Essentially, every time you run a “materialisation” or an “operation” you consume a credit. In English — what this means is every time you run a task or basically render a new node in your lineage graph, you consume a credit.
You can also ask Dagster to specify what infrastructure to run a task on. In this case, if you ask Dagster to execute in a serverless environment, you’ll incur usage based pricing at $0.0005 per Serverless minute. I’m not sure what a serverless minute entails, but the AWS lambda cost checks out at twice the serverless minute cost (see here), so there must be some other stuff going on here.
Solo and Starter Plans come out at $120 and $1200 a year respectively, coming with 7,500 and 30,000 credits per month respectively.
That’s 250 and 1,000 operations per day.
So for example, if you had an 80 model dbt project with 160 tests, you could run this on a daily cadence in Dagster for $120 a year.
Additional credits are charged at 4 cents and 3 cents a Task each. That is quite a lot. If you wanted to run an extra 100 dbt models, it’ll cost you at least $4.
You also pay Dagster for the time take to execute your code, directly. So there is a pure usage-based component. That’s related to run-time. The longer your code is running, the more you’re paying Dagster for. To the point I made earlier around the usage-based component being small for orchestration, the more you use the less this becomes true under a “ratchet” plan like this.
Also note — anything with more than a few users requires a “Pro” plan.
Mage Cloud pricing
As of writing in March-24, Mage does not support a managed cloud offering.
Summary
In summary, we’ve looked at self-hosted OSS Workflow orchestration, managed Airflow, Prefect, Dagster and Mage.
We’ve seen that whether or not self-hosting makes sense to you is really not a uniform or linear decision. If having a platform team maintain a cluster at scale is economical vs. your compute, you should definitely be self-hosting.
If not, then managed options are a great way to go. Managed Airflow with high compute is expensive, but options like Dagster also have usage-based pricing models that essentially mark-up your compute. Prefect is an interesting option that sits in the middle (between this and self-hosted) due to the “hybrid” approach.
Orchestra has a fixed pricing model, where the amount is loosely correlated to how many Pipelines/Products and Tasks you want to run (and how frequently). This is because under a modular architecture, the compute proportion of what we do is extremely low (you are already paying heavy compute elsewhere).
In Part 2 of Orchestration pricing, we’ll dive into a few different scenarios that compare the options like-for-like. It’s inherently difficult to compare platforms since the use-cases driving the need for orchestration and observability are so different across data teams. We’ll compare on a cost-basis (comparing what $10k, $20k and $100k will get you).
Disclaimer
Factually, this article is unbiased but the article itself is written with some degree of bias — After all, Orchestra can replace or augment lots of the features offered by existing workflow orchestration products.

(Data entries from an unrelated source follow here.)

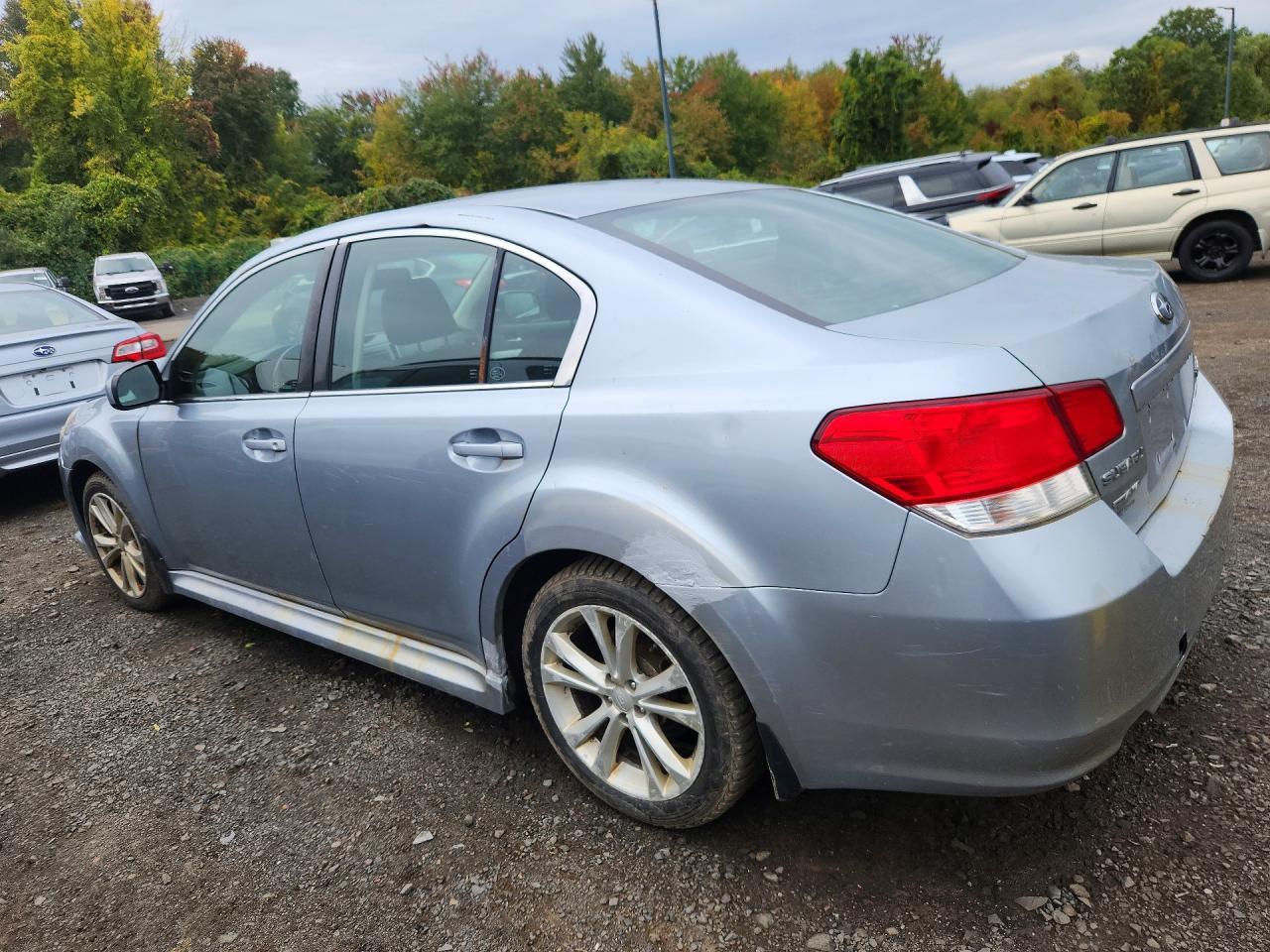 2013 Subaru Legacy 2.5I Premium - Фото 2
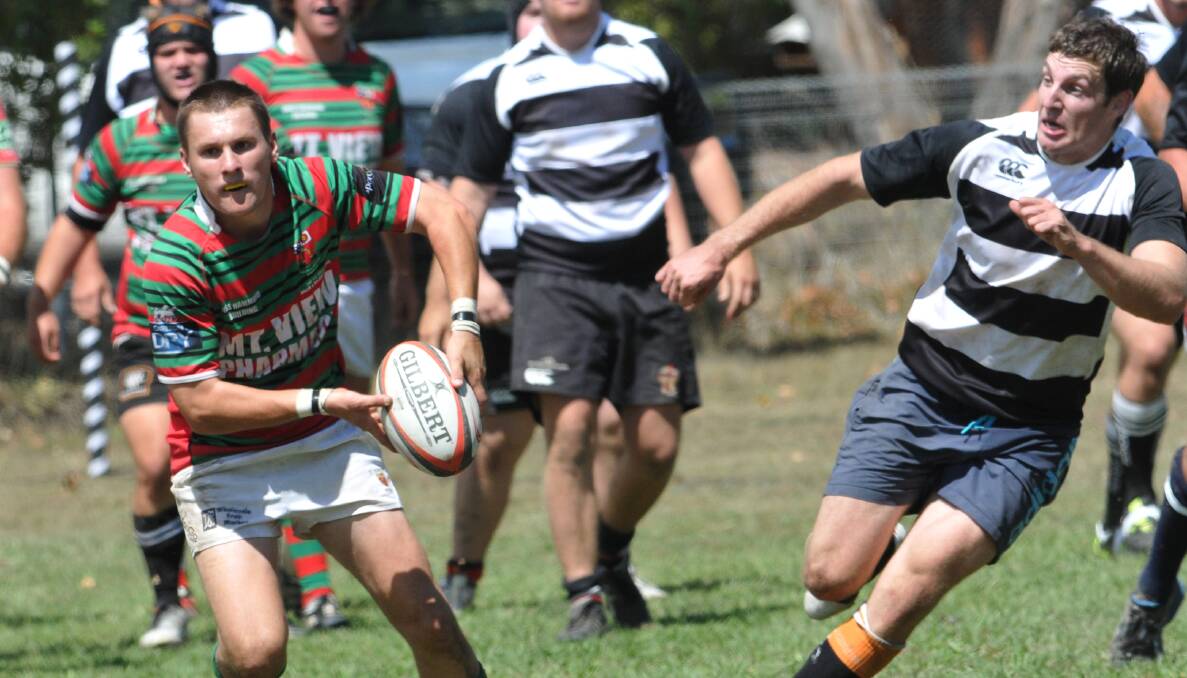 Albies 2’s Jack Thomas spreads the ball out as Barbarians Blacks’ Matt Burton gives chase. 150314GOC06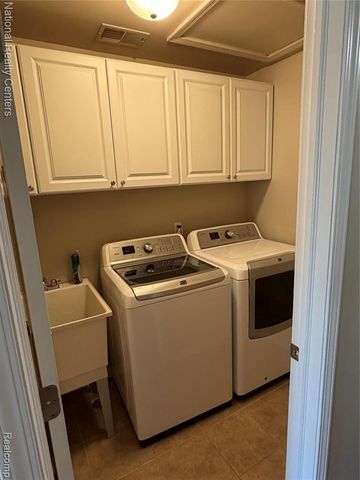 8455 Williamstown Drive, Shelby Twp, MI 48316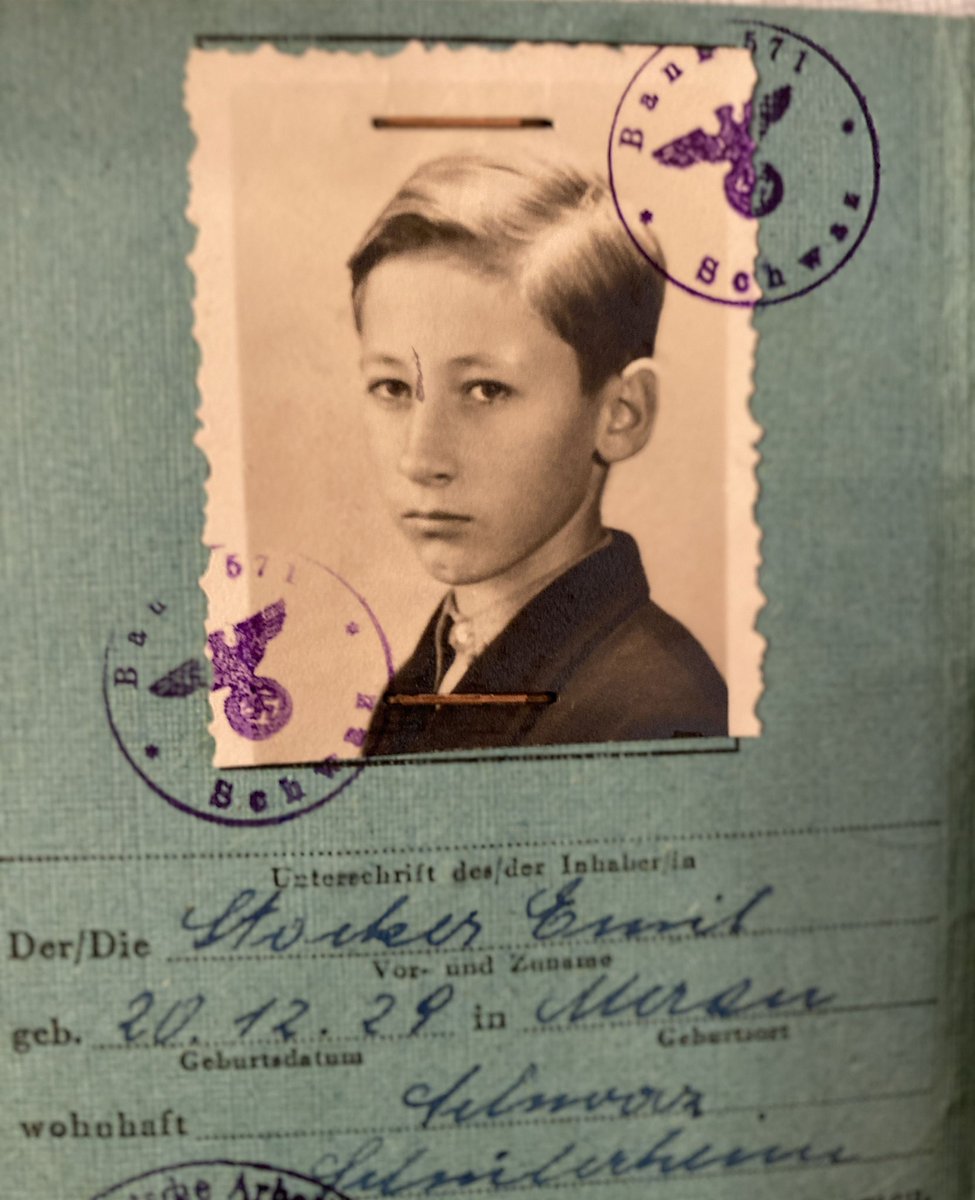 Emil Stocker aveva  11 anni quando da #merano venne spedito in Germania e inquadrato nella hitlerjugend. Dopo la guerra si è arruolato nella #LegioneStraniera. Ha combattuto 4 anni in Vietnam. La sua storia nel libro #soldatidisventura amzn.to/37c7Y2F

Indeed, Airflow has been around since 2014 and has never had more users. However, as data engineers and architects our mission at Orchestra is to make data teams’ lives easier, more enjoyable.
We want to free up time for driving adoption of data for decision-making and now, accelerating usage of generative AI products. We want to eradicate the need for a platform engineering team to do lots of heavy-lifting.
That’s why many of our larger users leverage existing integrations to workflow orchestration tools such as Prefect or Airflow. These integrations allow teams to make use of the awesome observability and visibility features in the platform while retaining parts of the stack for what they’re good at.
We hope you enjoyed this article and if there’s anything missing please feel free to let us know in the comments and we can amend/update the article as required.